_Problem to work on_.
Each line of the material below must be transcribed exactly.

_Given information_.
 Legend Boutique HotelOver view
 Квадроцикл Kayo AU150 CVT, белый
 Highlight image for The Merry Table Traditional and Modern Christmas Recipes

_Result below_.
 Legend Boutique HotelOver view
 Квадроцикл Kayo AU150 CVT, белый
 Highlight image for The Merry Table Traditional and Modern Christmas Recipes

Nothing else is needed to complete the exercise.